### DIRECTIONS
Output the listing verbatim, leaving out every picture.

### DATA BELOW
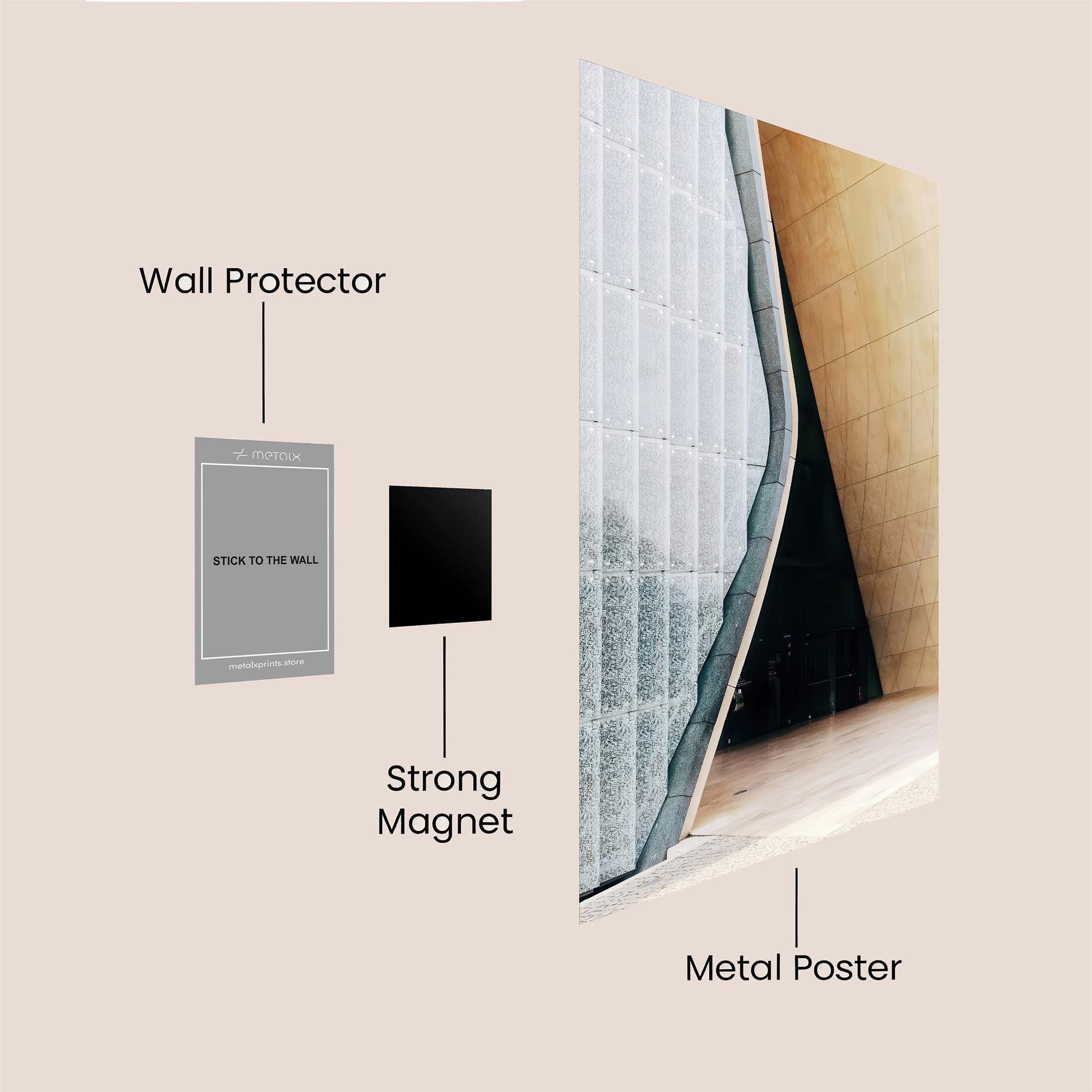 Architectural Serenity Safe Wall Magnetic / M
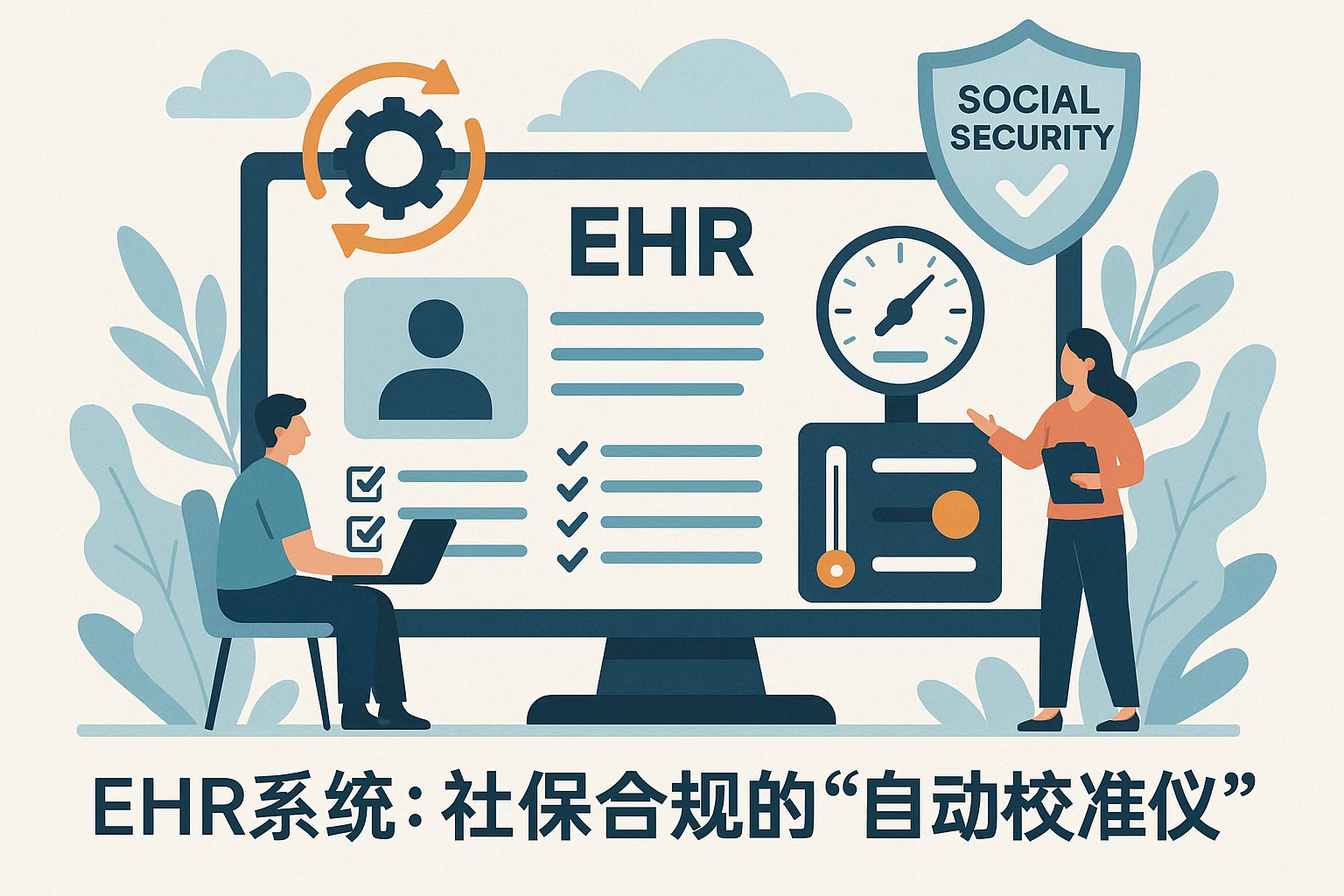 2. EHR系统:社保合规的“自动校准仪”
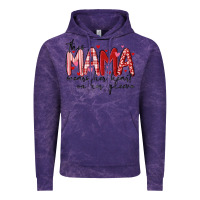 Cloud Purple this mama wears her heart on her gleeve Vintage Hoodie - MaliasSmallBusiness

### ANSWER FOR THE TASK
 Architectural Serenity Safe Wall Magnetic / M
 2. EHR系统:社保合规的“自动校准仪”
 Cloud Purple this mama wears her heart on her gleeve Vintage Hoodie - MaliasSmallBusiness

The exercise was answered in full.